WORK TO BE COMPLETED | Print the lines below from the line with "Forest Animals Shapes" to the line with "Cute Sheep Graphic" exactly, keeping both ends, and print no pictures.

Data excerpts |
*** Block opens ***
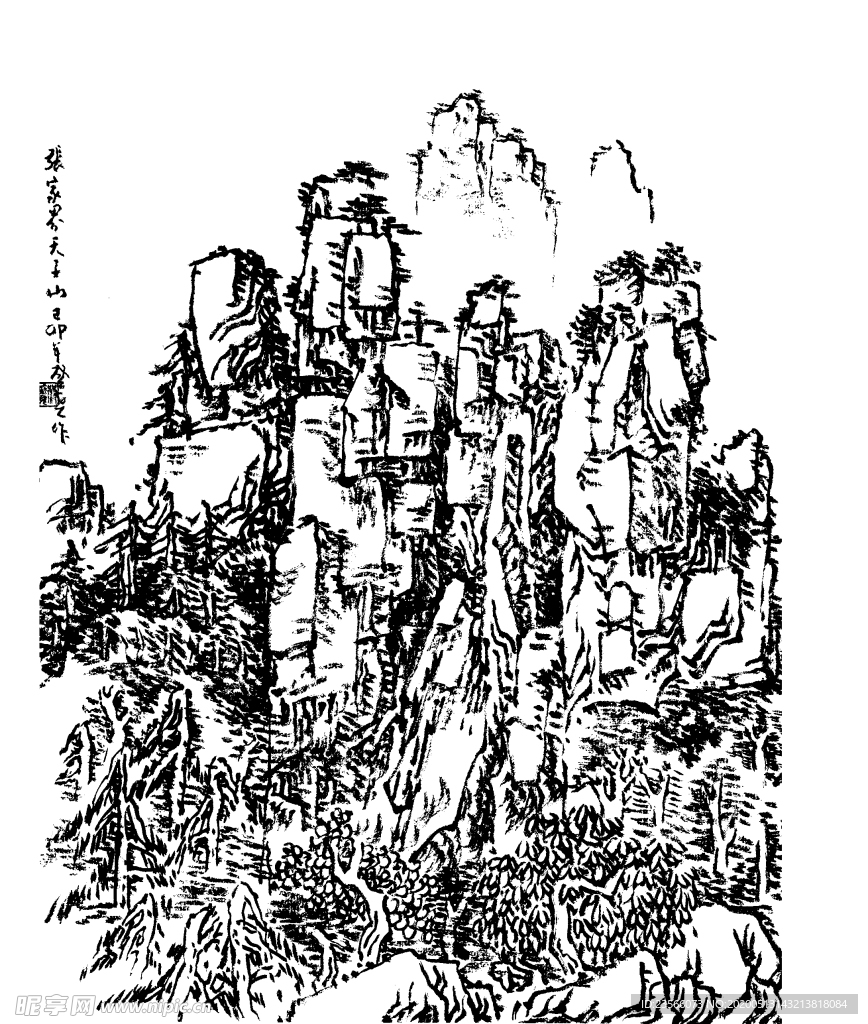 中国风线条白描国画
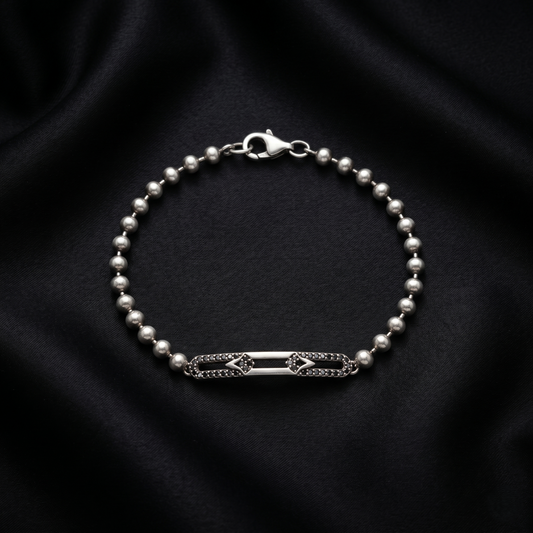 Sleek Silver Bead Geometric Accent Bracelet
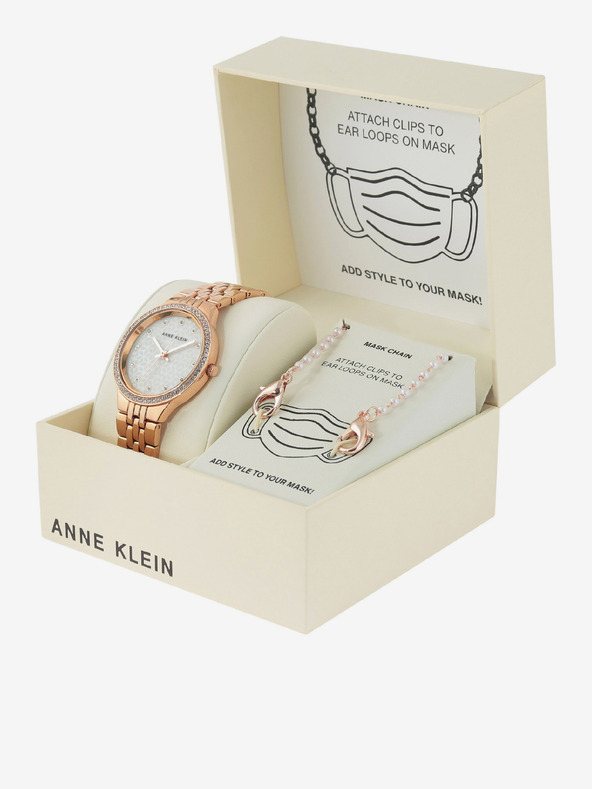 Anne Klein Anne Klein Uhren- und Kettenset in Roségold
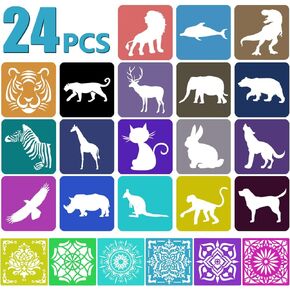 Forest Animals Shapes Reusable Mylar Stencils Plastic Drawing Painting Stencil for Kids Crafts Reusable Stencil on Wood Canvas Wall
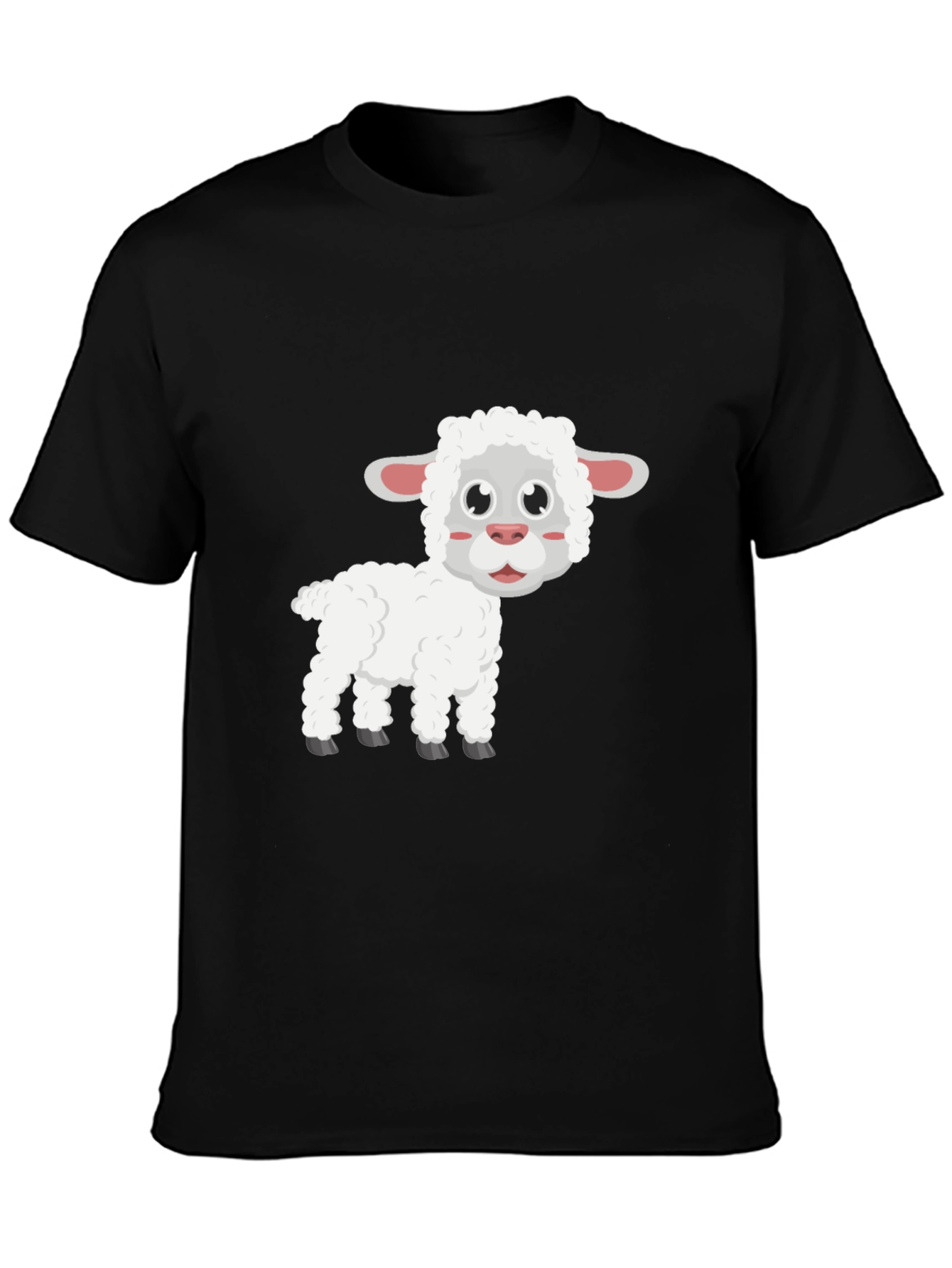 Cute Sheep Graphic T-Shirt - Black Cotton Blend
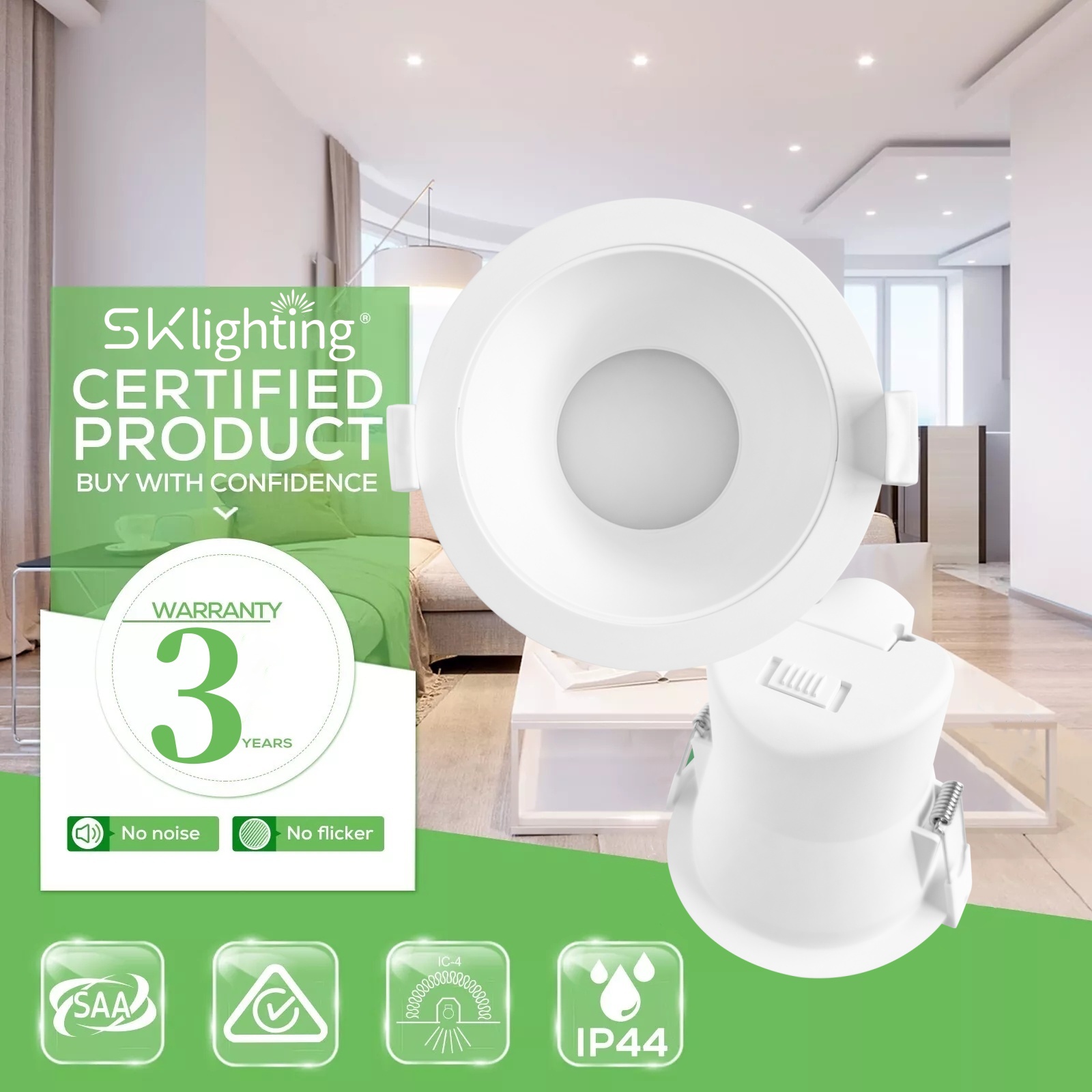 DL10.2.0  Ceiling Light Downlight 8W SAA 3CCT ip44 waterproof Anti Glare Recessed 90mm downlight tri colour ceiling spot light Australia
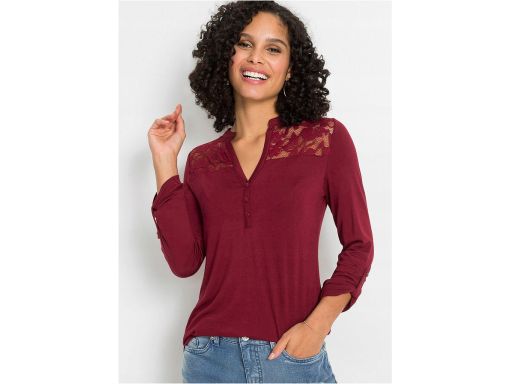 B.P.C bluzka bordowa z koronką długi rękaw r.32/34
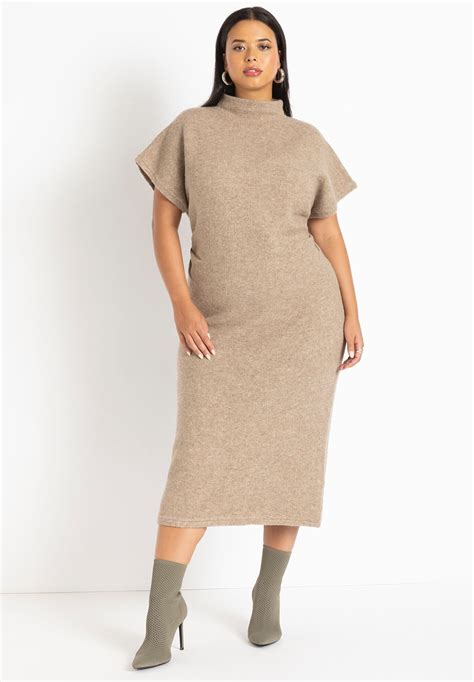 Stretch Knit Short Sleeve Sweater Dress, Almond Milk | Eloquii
*** Block closes ***
EXERCISE RESULT |
 Forest Animals Shapes Reusable Mylar Stencils Plastic Drawing Painting Stencil for Kids Crafts Reusable Stencil on Wood Canvas Wall
 Cute Sheep Graphic T-Shirt - Black Cotton Blend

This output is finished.